WAV VS AAC
The ultimate comparison guide. Understanding the technical differences between Waveform Audio File Format and Advanced Audio Coding.
WAV
wavUncompressed audio format, studio quality.
Pros
- Lossless uncompressed quality
- Easy to edit
Cons
- Very large file sizes (10MB/min)
- No metadata standard
AAC
aacSuccessor to MP3 with better sound quality at similar bit rates.
Pros
- Better quality than MP3
- Standard for YouTube/Apple
Cons
- Lossy compression
- Complex licensing
When WAV wins
Stay with WAV when you need audio recording or mastering. Its strengths center on lossless uncompressed quality and a feature set native to Microsoft & IBM.
When AAC wins
Choose AAC when your workflow prioritizes itunes or youtube audio.
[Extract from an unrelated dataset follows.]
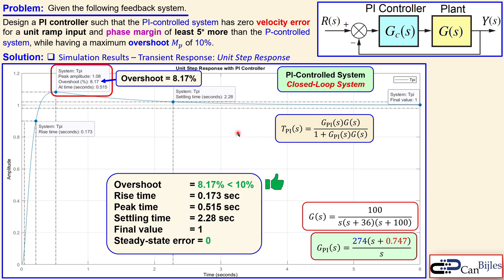This is our example number two about the PI controller design using the frequency response method. If you have any questions or comments, please let me know and I will try to answer them as soon as possible. See you next time in another video about PD control using the frequency response method — stay tuned and take care.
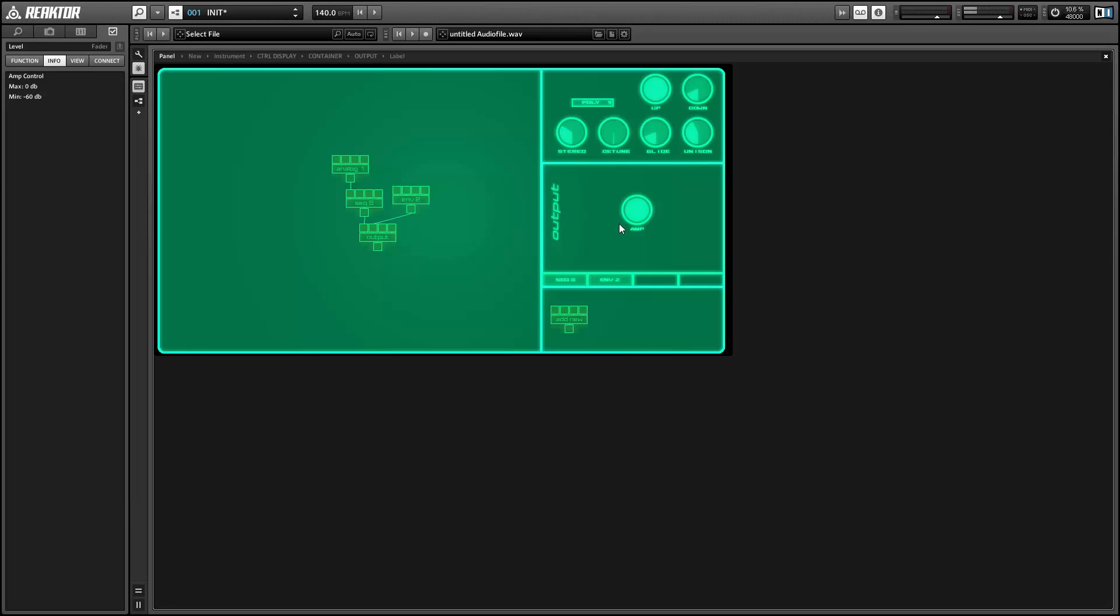Alright, so there are some general pointers on modifying PongX. There are a lot of things that could be changed to your benefit. Once again, this is Salamander Anagram with ReactorTutorials.com. Hope you guys enjoy this tutorial and this ensemble. And I'll be back next week with a new Reactor tutorial.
It delivers better quality than mp3 plus modern compression perks.
Technical Specifications
| Feature | WAV | AAC |
|---|---|---|
| MIME Type | audio/wav | audio/aac |
| Developer | Microsoft & IBM | Bell Labs |
| Release Year | 1991 | 1997 |
| Best For | Audio recording, Mastering, Sound design | iTunes, YouTube Audio, Streaming |
Need to switch?
Where WAV still wins
Keep WAV when you need lossless uncompressed quality and workflows depend on audio recording / mastering. Link those teams directly to the converter above so they can ship AAC deliverables without leaving their browser.
- • Reference the .wav glossary from this page.
- • Embed the conversion CTA in docs, wikis, and onboarding runbooks.
- • Use AAC for itunes while archiving originals as WAV.
Keep crawlers in the conversion hub
Link this comparison to the relevant tool, glossary, and documentation pages so every crawl discovers a monetizable route.